Review of Shiraz

Shiraz (1928)
Late silent film shot in India is a fascinating oddity.
9 June 2003
Not a great movie, with none of the flamboyant technique characteristic of the last great silents - THE WIND, ASPHALT, SUNRISE - but the mix of German expats., British scripting and Indian subject matter filmed on location, remains an intriguing novelty.

The plot, with the scheming highborn lady (`Father, to become Princess and later empress of India I would dare anything') introducing an old flame into the women's quarter to discredit the heir's true love, is simple stuff which seems to belong to a period of film making from years earlier. Playing is at least restrained.

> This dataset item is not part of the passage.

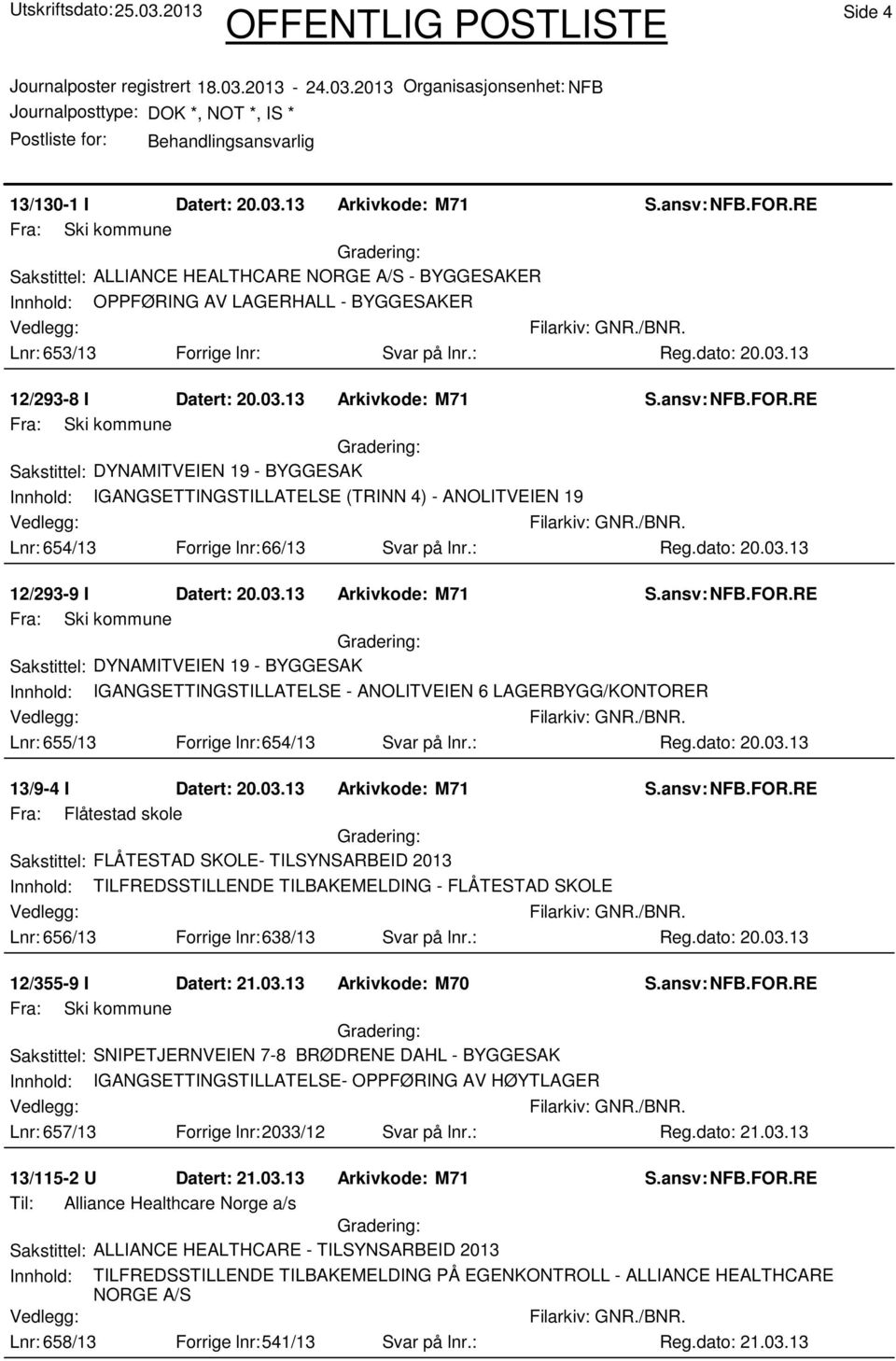 : Reg.dato: 20.03.13 12/293-9 I Datert: 20.03.13 Arkivkode: M71 Sakstittel: DYNAMITVEIEN 19 - BYGGESAK Innhold: IGANGSETTINGSTILLATELSE - ANOLITVEIEN 6 LAGERBYGG/KONTORER Lnr: 655/13 Forrige lnr:654/13 Svar på lnr.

The film's major appeal is in placing it's action against attractive genuine Indian buildings and the occasional vista. There's a bit of suspense from the likelihood that a real elephant will stomp the admirer. The hint of exotic sadism which runs through these European visions of The Mysterious East - `Kismet' or films like DAS INDISCHE GRABMAL and EMERALD OF THE EAST - is clear, as with demanding that the model maker's already blind eyes be put out.

The ending with the Empress' two devoted admirers sitting in front of the Taj Mahal is telling.

This one survives in a particularly sharp, well graduated copy - one of the best circulating, even if it isn't tinted. A pity the Sydney Film Festival, after bringing it half way round the planet, ran it too fast but the Tunji Beier - Linsley Pollak score they put with it was excellent.